Weekend nights were the best, though occasionally Sunday around dawn would reveal some treats. I soon learned to look forward to RKO films where Edward Arnold (big, eagle-eyed and unflappable) or Walter Connolly (wise and trembling with fat) were the fathers.
And those movies did starch me up, in a way. For a few hours each day I was literally joined at the hip with people who knew how to make jokes, find love, and defend themselves fiercely, always with the right terse words plus a poke to any fat banker’s gut that harrumph’ed in their direction. The night I first saw Night Nurse, it was the late, late, late show and the movie was already in progress, things were in full kazzoey with all sorts of weird stuff going on. Was this what life’s like? I wondered. I was appalled and excited, too. Gable takes a swing at Stanwyck, and that was clearly not the brightest idea—not from a moral sense (Pre-code movies were rough on dames; Cagney once smashed Mae Clarke with a grapefruit to the kisser before literally wiping the floor with her), but from the sense of being a dim-bulbed thing to do. The big galoot was swinging at a hornet’s nest—all 5”3 of Stanwyck took it on the jaw—she never breaks eye contact with him—and suddenly she becomes fearless. She will protect those girls from him. She will protect.

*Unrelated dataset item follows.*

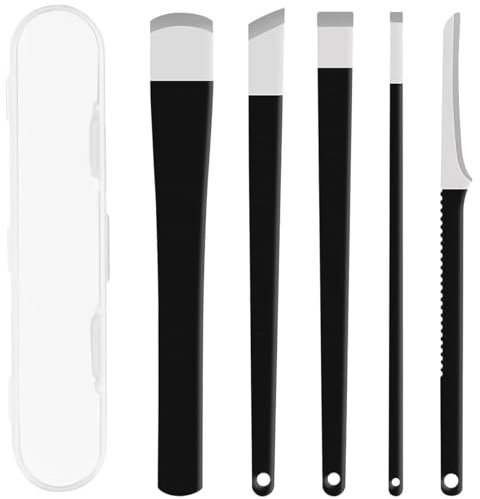 Lot de 5 couteaux de pédicure professionnels avec boîte de rangement pour fichiers, coupe-callosités, coupe-pied de maïs, lame chirurgicale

It’s her job, and jobs didn’t grow on trees in those days. These days either.
The pain in my neck had found a spot just above my shoulder blade, it was circling and tightening with intent, starting to send up long iron fingers towards the base of my conk. Christ, if I developed a migraine that’d be just keen, just what you want, an hour before you head out to work. When the migraines develop they go straight to my right eye, swelling it shut for the duration. But I had to go show some skin that night; swollen ankles you can cover up, but an eye? Could I swivel my shape wearing boots and an eye-patch?
Christ. I rubbed the old noodle and thought soon I’d have to get burkahhed up, maybe offer an occasional sumptuous glimpse of wrist to the punters. Who knows? Maybe they’d like it. Men always fall for the hard to get numbers—even when the hard-to-get act is a thin cover for desperation (and Brother, it usually is). Problem was, of course, the whole job of stripping down sort of relies on the illusion of not being hard to get. That’s what brings the punters in.
I had my usual evening, pre-work meal. How many days in the last few months have I fallen back on the hoofer’s diet of saltines and aspirin, washed down with rye?
And the movie was ending. I perched there with my ham ankles crossed delicately, choking on saltines and pills.
My apartment buzzer was ringing. For the first time in years.